KANDEA È CULTURA E TERRITORIO
Tutte queste bottiglie hanno in comune i nomi ispirati a Federico II. Biancofiore, Costanza e Anaïs sono state tre donne importanti per l’imperatore Svevo. Al-Malik è il sultano con cui è venuto a patti durante la seconda crociata, Cherrug evoca la sua passione per la Falconeria. Parliamo quindi di bottiglie ricche di gusto e cultura storiografica.
“Questo è stato il terreno di caccia di Federico II. – racconta Antonio – Lo testimonia una pietra antica ritrovata nella nostra masseria sulla quale è impressa l’immagine di un falco”. Questa effige ora è diventata il simbolo dell’azienda stampato su ogni etichetta.
“Inoltre – continua Antonio – i lavori di restauro e ammodernamento hanno fatto emergere uno splendido mattonato antico.
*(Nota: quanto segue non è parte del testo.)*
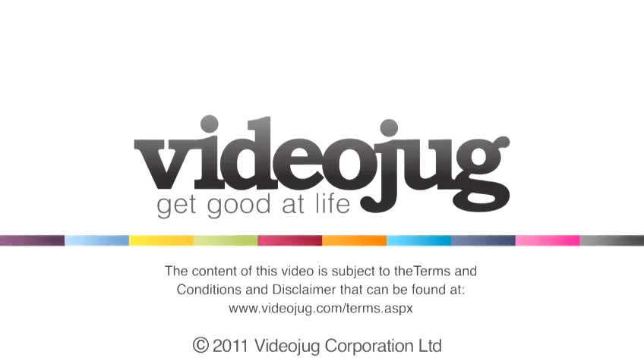Nicki Minaj is probably the most well-known celebrity for wearing bright shadows like yellow and orange and red. So use her as inspiration if you want to look at other shades of orange. And that's how to wear orange eyeshadow. Thank you.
Anche per questo motivo consideriamo la nostra cantina un patrimonio da preservare e condividere con chi ha voglia di visitarlo”.
La degustazione in azienda quindi ha questo scopo, condurre prima alla riscoperta di una masseria storica della capitanata per poi visitare la cantina, dove si può assaggiare una verticale di vini al fine di comprenderne l’evoluzione. In più, si possono visitare i vigneti e conoscere tutti i protagonisti di questa bella realtà. Ad esempio, il cantiniere storio Pasquale Marino.
Questa è Kandea, un’azienda che prende il nome dal vicino borgo di Candela per omaggiarlo e condurlo per mano, “perché solo se crescono comunità e territorio cresce anche la nostra cantina,” afferma Antonio.
Il suo vino è buono e se lo si sa aspettare diventa ancora più buono. Molti lo hanno già capito, per tanti può diventare una piacevole scoperta.